201. Misled by Oecolampadius and Bucer
That Melanchthon permitted himself to be guided by human authorities rather than by the clear Word of God alone, appears from the fact that Oecolampadius's Dialogus of 1530 – which endeavored to show that the symbolical interpretation of the words of institution is found also in the writings of the Church Fathers, notably in those of St. Augustine, and which Melanchthon, in a letter to Luther (C. R. 2, 217), says, was written "with greater exactness (accuratius) than he is otherwise wont to write" – made such a profound impression on him that ever since, as is shown by some of his private letters, to which we shall presently refer, he looked with increasing favor on the figurative interpretation. As a result, Melanchthon's attitude toward the Southern Germans and the Zwinglians also underwent a marked change. When he left to attend the conference with Bucer at Cassel, in December, 1534, Luther in strong terms enjoined him to defend the sacramental union and the oral eating and drinking; namely, that in and with the bread the body of Christ is truly present, distributed, and eaten. Luther's Opinion in this matter, dated December 17, 1534, concludes as follows "Und ist Summa das unsere Meinung, dass wahrhaftig in und mit dem Brot der Leib Christi gegessen wird, also dass alles, was das Brot wirkt und leidet, der Leib Christi wirke und leide, dass er ausgeteilt [ge]gessen und mit den Zaehnen zerbissen werde." (St.

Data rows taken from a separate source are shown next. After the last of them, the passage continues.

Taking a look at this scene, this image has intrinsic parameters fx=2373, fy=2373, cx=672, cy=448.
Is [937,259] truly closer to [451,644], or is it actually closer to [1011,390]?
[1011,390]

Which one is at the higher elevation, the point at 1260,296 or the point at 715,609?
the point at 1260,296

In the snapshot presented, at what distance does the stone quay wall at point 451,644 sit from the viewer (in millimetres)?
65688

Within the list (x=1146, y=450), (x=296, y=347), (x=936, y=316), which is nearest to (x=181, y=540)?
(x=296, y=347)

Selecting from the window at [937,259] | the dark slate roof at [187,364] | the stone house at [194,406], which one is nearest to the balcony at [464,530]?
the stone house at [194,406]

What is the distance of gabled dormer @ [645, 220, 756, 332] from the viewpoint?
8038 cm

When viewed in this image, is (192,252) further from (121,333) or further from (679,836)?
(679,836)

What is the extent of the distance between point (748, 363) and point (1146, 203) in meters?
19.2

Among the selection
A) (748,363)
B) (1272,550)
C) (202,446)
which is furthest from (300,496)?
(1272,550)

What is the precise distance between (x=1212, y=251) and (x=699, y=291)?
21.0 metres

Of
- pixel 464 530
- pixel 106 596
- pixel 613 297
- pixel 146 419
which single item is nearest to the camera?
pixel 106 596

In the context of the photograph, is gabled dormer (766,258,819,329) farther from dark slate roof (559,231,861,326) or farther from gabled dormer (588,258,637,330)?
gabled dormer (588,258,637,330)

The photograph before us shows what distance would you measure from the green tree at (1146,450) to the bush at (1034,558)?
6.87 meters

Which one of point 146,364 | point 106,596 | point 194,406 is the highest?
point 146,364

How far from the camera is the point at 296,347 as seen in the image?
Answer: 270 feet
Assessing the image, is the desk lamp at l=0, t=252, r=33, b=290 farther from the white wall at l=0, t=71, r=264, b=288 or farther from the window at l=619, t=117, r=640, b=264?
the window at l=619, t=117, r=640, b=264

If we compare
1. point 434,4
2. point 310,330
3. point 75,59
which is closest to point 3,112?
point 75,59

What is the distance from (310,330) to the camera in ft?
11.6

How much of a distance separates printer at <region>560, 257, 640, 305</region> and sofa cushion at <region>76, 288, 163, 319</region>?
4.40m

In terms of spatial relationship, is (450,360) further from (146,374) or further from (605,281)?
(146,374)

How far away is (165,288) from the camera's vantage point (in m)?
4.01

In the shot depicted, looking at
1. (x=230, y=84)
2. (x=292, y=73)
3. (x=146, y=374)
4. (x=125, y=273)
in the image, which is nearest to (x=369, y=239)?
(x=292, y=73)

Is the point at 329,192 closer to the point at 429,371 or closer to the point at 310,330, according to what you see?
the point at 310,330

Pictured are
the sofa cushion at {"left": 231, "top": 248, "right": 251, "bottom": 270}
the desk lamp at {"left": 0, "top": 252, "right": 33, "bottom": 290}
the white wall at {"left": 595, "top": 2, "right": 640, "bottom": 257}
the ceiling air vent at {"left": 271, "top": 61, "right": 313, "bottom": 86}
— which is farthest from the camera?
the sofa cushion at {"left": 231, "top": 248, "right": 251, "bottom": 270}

L. 17, 2052.) Self-evidently, when writing thus, Luther had no Capernaitic eating and drinking in mind, his object merely being, as stated to emphasize the reality of the sacramental union. January [1]0, 1535, however, the day after his return from Cassel, Melanchthon wrote to his intimate friend Camerarius that at Cassel he had been the messenger not of his own, but of a foreign opinion. (C. R. 2, 822)

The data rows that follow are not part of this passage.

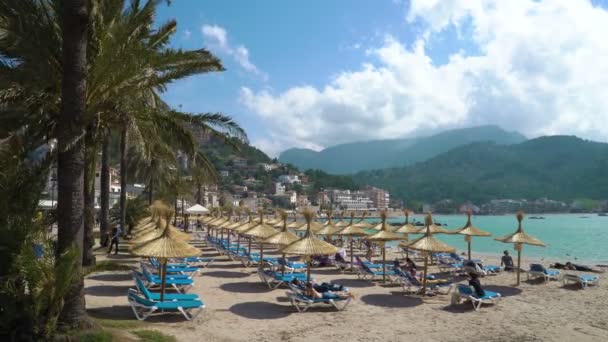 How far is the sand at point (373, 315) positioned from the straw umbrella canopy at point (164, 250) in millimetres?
944

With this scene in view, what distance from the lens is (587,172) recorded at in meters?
176

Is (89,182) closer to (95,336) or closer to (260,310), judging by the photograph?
(260,310)

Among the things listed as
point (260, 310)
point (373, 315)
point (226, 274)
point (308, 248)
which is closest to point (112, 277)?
point (226, 274)

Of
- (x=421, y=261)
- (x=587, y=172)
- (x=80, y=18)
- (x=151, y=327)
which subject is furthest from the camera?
(x=587, y=172)

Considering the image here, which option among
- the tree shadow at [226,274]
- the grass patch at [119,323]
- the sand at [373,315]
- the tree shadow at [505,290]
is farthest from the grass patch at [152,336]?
the tree shadow at [505,290]

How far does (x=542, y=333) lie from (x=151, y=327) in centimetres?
681

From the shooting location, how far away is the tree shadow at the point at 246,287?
1117 centimetres

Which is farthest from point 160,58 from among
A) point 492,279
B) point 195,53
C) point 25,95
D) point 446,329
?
point 492,279

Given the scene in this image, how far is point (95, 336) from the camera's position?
5.91 meters

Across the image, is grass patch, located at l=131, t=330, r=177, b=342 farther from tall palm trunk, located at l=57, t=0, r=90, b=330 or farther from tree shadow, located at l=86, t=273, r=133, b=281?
tree shadow, located at l=86, t=273, r=133, b=281

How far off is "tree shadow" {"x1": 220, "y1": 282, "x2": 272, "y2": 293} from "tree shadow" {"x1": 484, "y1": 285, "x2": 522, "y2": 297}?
20.5 feet

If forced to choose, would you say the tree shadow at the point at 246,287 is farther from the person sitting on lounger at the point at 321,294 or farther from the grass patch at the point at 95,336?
the grass patch at the point at 95,336

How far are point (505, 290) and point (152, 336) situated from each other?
9792 mm

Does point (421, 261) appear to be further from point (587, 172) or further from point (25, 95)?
point (587, 172) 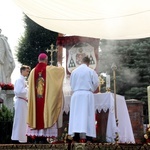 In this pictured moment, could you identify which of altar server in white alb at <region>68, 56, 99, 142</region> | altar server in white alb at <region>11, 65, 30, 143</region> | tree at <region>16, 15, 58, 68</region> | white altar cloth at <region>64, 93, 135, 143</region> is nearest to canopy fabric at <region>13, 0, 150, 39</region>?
altar server in white alb at <region>11, 65, 30, 143</region>

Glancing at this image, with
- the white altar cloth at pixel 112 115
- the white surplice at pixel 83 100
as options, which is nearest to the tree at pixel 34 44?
the white altar cloth at pixel 112 115

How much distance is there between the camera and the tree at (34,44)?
30.2 metres

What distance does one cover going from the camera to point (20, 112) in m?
10.2

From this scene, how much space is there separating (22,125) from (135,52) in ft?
38.3

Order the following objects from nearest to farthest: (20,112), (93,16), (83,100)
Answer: (83,100) → (93,16) → (20,112)

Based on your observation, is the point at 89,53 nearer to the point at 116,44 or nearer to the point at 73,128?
the point at 73,128

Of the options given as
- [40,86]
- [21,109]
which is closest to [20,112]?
[21,109]

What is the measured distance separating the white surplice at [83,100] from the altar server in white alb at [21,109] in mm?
1621

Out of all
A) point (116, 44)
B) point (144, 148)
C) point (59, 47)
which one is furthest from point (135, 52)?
point (144, 148)

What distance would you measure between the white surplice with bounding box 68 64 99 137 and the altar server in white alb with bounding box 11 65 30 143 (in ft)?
5.32

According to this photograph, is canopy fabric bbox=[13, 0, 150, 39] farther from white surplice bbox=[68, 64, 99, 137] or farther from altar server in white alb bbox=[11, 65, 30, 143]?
white surplice bbox=[68, 64, 99, 137]

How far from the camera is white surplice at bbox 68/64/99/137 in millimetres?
8617

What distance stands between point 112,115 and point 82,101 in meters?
0.82

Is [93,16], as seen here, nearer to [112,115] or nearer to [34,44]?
[112,115] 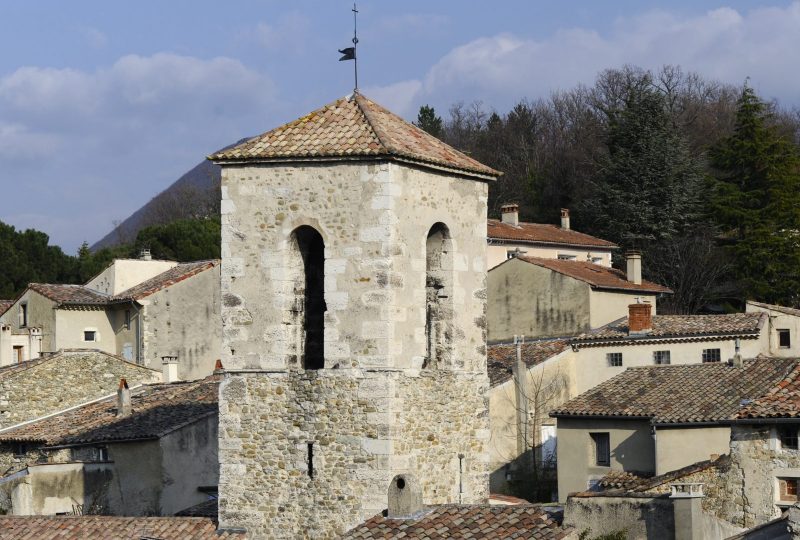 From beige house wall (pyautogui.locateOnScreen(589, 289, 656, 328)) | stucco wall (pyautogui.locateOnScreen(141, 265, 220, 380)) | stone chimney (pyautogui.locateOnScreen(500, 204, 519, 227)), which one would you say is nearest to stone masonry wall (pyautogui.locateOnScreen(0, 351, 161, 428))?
stucco wall (pyautogui.locateOnScreen(141, 265, 220, 380))

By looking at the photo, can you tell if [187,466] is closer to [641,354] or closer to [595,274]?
[641,354]

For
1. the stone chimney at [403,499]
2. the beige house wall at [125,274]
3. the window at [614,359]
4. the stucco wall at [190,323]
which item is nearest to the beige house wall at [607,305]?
the window at [614,359]

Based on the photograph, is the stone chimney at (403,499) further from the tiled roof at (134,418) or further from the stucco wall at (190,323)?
the stucco wall at (190,323)

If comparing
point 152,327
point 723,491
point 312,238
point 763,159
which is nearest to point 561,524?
point 312,238

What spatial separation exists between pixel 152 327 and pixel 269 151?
87.5ft

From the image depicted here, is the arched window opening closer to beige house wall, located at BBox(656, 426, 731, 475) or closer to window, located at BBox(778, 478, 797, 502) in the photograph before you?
window, located at BBox(778, 478, 797, 502)

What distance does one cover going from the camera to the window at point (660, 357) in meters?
37.2

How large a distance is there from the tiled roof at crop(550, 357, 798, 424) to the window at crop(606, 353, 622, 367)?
15.7 ft

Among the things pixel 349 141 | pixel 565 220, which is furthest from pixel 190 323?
pixel 349 141

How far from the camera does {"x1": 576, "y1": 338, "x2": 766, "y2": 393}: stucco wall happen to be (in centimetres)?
3691

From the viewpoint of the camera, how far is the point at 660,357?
123 ft

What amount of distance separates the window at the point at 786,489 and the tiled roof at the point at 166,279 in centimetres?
2224

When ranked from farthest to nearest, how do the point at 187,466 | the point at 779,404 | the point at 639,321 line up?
1. the point at 639,321
2. the point at 187,466
3. the point at 779,404

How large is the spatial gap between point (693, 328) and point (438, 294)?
1924cm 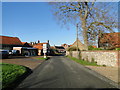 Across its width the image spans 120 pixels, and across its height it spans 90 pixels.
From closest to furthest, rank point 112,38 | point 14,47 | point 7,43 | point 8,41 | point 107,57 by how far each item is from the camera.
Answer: point 107,57
point 112,38
point 14,47
point 7,43
point 8,41

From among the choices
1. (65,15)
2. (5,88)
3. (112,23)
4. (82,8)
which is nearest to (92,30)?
(112,23)

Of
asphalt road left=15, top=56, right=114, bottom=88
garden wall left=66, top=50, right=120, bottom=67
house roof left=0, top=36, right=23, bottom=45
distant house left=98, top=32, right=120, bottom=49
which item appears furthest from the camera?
house roof left=0, top=36, right=23, bottom=45

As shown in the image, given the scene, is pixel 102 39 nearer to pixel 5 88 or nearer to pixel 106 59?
pixel 106 59

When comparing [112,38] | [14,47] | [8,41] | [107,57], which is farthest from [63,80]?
[8,41]

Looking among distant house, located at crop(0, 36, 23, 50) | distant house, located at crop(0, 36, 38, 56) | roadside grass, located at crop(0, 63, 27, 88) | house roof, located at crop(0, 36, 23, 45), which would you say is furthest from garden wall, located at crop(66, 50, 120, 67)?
house roof, located at crop(0, 36, 23, 45)

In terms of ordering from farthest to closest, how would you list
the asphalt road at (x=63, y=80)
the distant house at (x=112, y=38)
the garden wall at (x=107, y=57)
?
1. the distant house at (x=112, y=38)
2. the garden wall at (x=107, y=57)
3. the asphalt road at (x=63, y=80)

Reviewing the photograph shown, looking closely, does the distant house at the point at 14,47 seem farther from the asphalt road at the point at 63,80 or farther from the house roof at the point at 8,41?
the asphalt road at the point at 63,80

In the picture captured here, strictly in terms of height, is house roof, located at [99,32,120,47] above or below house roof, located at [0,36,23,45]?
Answer: below

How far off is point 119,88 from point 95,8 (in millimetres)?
17204

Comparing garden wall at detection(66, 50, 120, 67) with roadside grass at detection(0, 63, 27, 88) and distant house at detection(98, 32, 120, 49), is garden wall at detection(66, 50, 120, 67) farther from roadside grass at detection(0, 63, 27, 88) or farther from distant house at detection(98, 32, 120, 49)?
roadside grass at detection(0, 63, 27, 88)

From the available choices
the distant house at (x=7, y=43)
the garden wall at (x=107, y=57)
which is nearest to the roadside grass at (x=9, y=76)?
the garden wall at (x=107, y=57)

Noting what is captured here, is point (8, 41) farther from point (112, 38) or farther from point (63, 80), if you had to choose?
point (63, 80)

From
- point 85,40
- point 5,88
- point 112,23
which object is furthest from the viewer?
point 85,40

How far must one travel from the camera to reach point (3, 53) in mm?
24094
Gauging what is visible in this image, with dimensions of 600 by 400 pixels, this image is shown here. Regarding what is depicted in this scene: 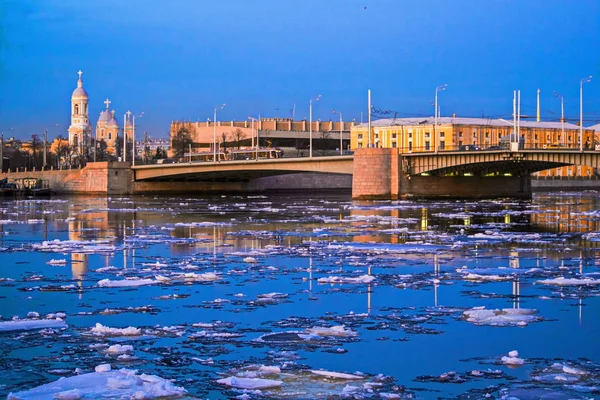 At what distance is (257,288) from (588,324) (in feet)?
17.5

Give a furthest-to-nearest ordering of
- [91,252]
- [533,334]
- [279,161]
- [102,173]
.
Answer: [102,173] → [279,161] → [91,252] → [533,334]

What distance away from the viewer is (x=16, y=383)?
9.16 meters

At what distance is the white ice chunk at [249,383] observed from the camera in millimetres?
8969

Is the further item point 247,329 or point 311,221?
point 311,221

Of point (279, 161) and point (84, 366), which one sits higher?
point (279, 161)

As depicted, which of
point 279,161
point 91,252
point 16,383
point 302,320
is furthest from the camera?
point 279,161

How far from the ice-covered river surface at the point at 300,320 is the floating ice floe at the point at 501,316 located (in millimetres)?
28

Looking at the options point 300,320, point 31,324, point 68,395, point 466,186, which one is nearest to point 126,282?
point 31,324

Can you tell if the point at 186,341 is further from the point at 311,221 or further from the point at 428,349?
the point at 311,221

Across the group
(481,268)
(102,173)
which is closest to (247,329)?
(481,268)

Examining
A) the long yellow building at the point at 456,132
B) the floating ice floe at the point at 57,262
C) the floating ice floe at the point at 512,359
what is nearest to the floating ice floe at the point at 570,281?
the floating ice floe at the point at 512,359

As a matter of fact, Melanchthon returned to Wittenberg a convert to the compromise formula of Bucer, according to which Christ's body and blood are truly and substantially received in the Sacrament, but are not really connected with the bread and wine, the signs or signa exhibitiva, as Bucer called them. Stating the difference between Luther and Bucer, as he now saw it, Melanchthon said: "The only remaining question therefore is the one concerning the physical union of the bread and body, – and of what need is this question? Tantum igitur reliqua est quaestio de physica coniunctione panis et corporis, qua quaestione quid opus est?" (C. R. 2, 827. 842; St. L. 17, 2057.) To Erhard Schnepf he had written: "He [Bucer] confesses that, when these things, bread and wine, are given, Christ is truly and substantially present. As for me I would not demand anything further." (C. R. 2, 787.) In February he wrote to Brenz: "I plainly judge that they [Bucer, etc.] are not far from the view of our men; indeed in the matter itself they agree with us (reipsa convenire); nor do I condemn them." (2, 843; St. L. 17, 2065.) This, however, was not Luther's view. In a following letter Melanchthon said: "Although Luther does not openly condemn it [the formula of Bucer], yet he did not wish to give his opinion upon it as yet. Lutherus, etsi non plane damnat, tamen nondum voluit pronuntiare." (C. R. 2, 843; St. L. 17, 2062.) A letter of February 1, 1535, to Philip of Hesse and another of February 3, to Bucer, also both reveal, on the one hand, Melanchthon's desire for a union on Bucer's platform and, on the other, Luther's attitude of aloofness and distrust. (C. R. 2, 836. 841.)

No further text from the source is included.